I had no idea that CK had so deep influence in my memories. The impact of somethings you don’t realize until you experience the loss.
I had to be in the Bay Area (Palo ALto and other places) and I thought that the busy program that I will have will keep my mind away from thinking about the premature loss that his family and the world had. That was not to happen — contrary to what I thought, wherever I went, in my memory he was there. Starting from sitting in my flight, I was reminded how whenever we traveled together he will be non-stop discussing things. In the bay area, we went to many companies together and visited several restaurants. All those Virage board meeting, all the hotels we stayed together, the dreams we had together, … they kept on rolling in my mind very vividly. It was as if I am again traveling with him. I am making presentations in which he is present and will take-over when business issues came in.
Neil was with him and I feel that he understood what I was going through because he would put his arms around me and say, Dad don’t think about him.
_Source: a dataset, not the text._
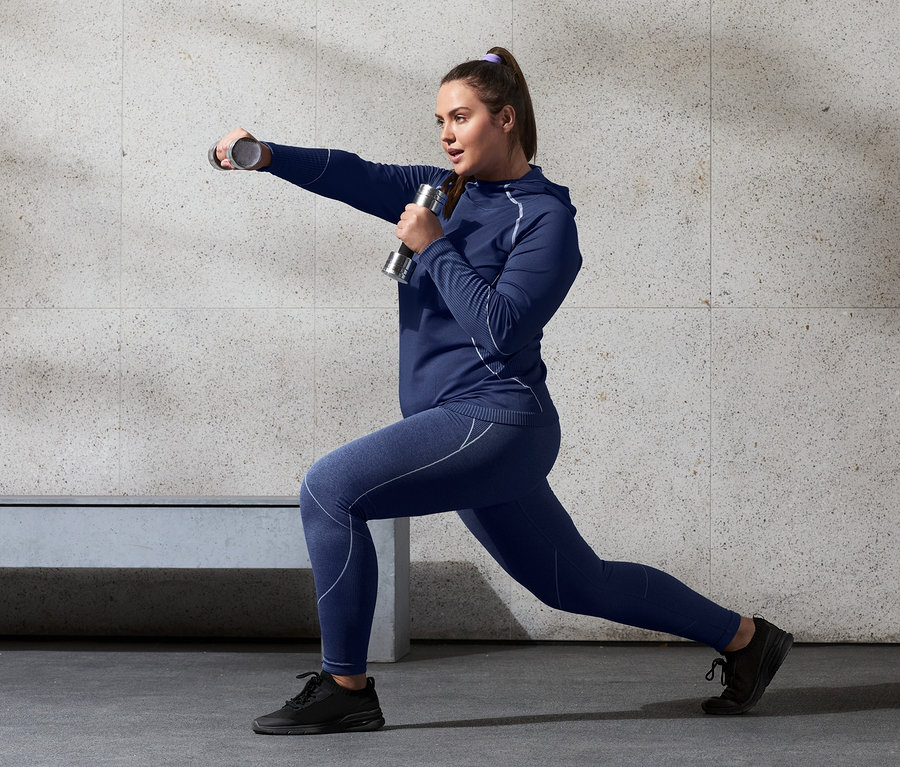 Kadın dambıllarla hamle yapıyor, Kapüşonlu Dikişsiz Fonksiyonel Üst ve Seamless Spor Taytı giyiyor.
Of course, I am reminded of him everywhere because whereever I go people ask about him, my mail is full of that.
I personally met Arun Katkere and Asquith Bailey in Palo Alto and we reminisced about him. I can talk a bot about him, but then I start getting emotional. This is the first time this has happened to me in life.
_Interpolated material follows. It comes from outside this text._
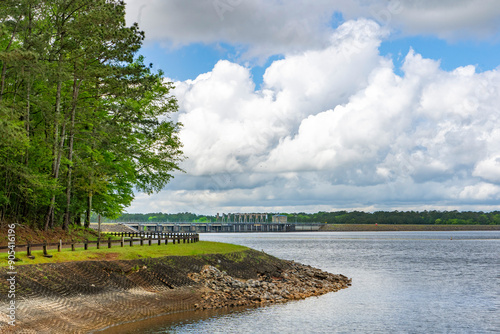 A wide-angle view of the West Point Lake Dame from Eagleview Park in Georgia against a backdrop of blue sky with large white clouds. Birds can be seen soaring in the sky.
I can not help but think about his family — particularly Gayatri — and their situations. My heartfelt sympathies are with them.
He indeed was a great person — a person who did everything with full intensity, rigor, and passion. His boldness and quest for doing it in the best way, his sensitivity for ides and people he cared was unique.
I know that I should think only about all the wonderful things he did, but those memories bring tears. And I find that I am not in control here.